There are many tests that public companies have to face down. The first and most basic test, of course, is to report a healthy profit and revenue growth every single quarter. This is easier said than done. It is not enough for a company to be in the black and produce a profit. They have to also beat market expectations.
This is going to be a problem if there are a lot of analysts following the company and the range of expectations go from realistic all the way to the absurd. The worst part of it all is that, even if you meet market expectations, even a little piece of bad news can drag your stock value down. This is definitely the case with GoPro (NASDAQ:GPRO).
GoPro recently produced solid numbers and experienced a nice spike in its stock prices. However, thanks to Wall Street sensitiviy, the price of this outdoor webcam gear company slipped dramatically. That is how sensitive the market is. You have to present a very very positive picture. That is how demanding Wall Street is.

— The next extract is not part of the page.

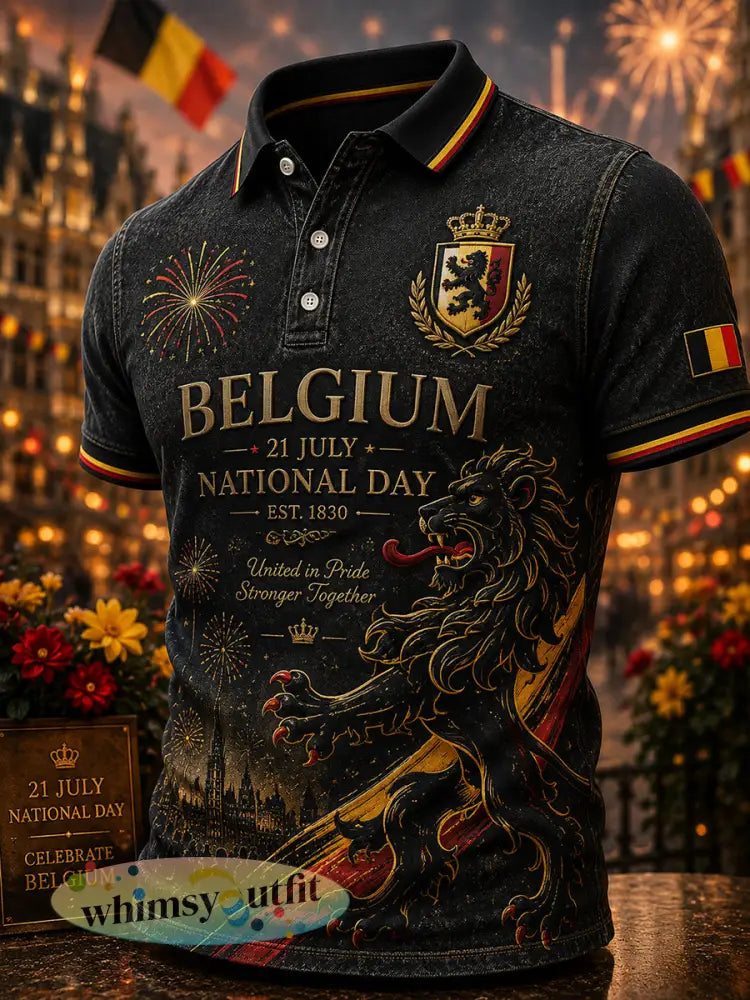 Herenpoloshirt met korte mouwen thema Nationale Dag - A / S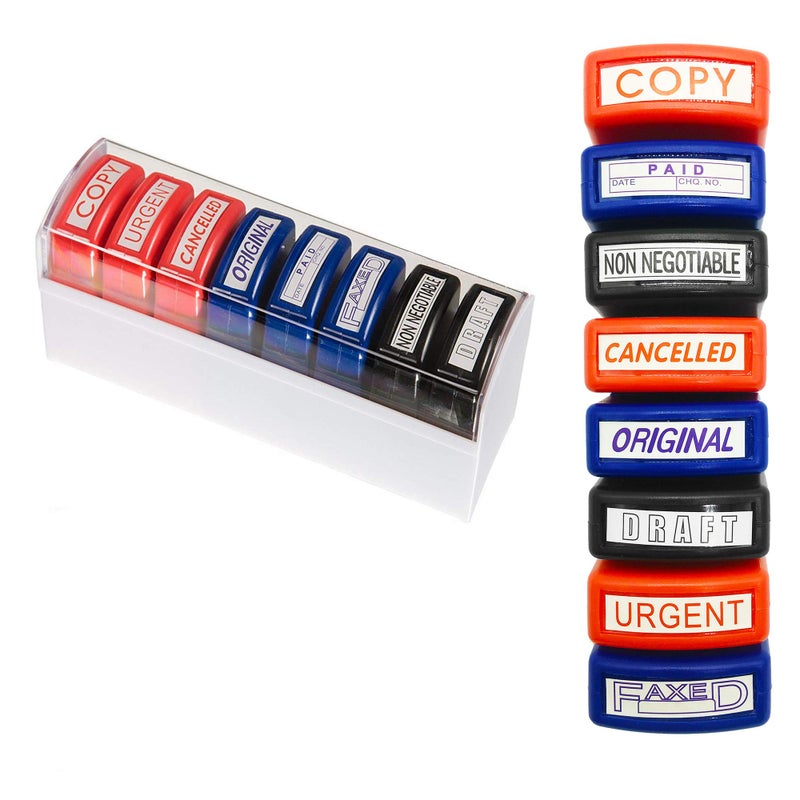 Reliancer Set of 8 Self Inking Pre-Inked Office Stamp 8 Message Account Stamp Office Stationary Stamper Business Paper Work Text Stamps w/Tray RedBlueBlack Ink - Image 2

Well, if that wasn’t scary enough for you, the scariest situation for this company would be when its lockup period expires. A lockup is when big investors and company insiders are prevented by law from unloading their shares. When the lockup expires, the company’s stock faces a lot of downward pressure because when these investors unload their shares, this would depress share prices.
The good news for GoPro is that it has a lot of hype backing it up. It has a lot of favorable media impressions and presence. However, it is anybody’s guess whether or not these are enough to keep the market excited about this company’s stock. Up to 59% of the company’s existing 127.8 million shares outstanding can potentially be put up for sale. This is going to be a major test of the market appeal of this company.
The main thing I like about GoPro is that it has a little bit of Apple’s (NASDAQ:APPL) game play. It is a mix of a hardware, designer, manufacturer, and technology company. Of course, it only has a fraction of Apple’s cult-like appeal. Still, GoPro might be able to survive the lockup expiration, assuming that the broader market doesn’t suffer from turbulence in the period of time the lockup expires.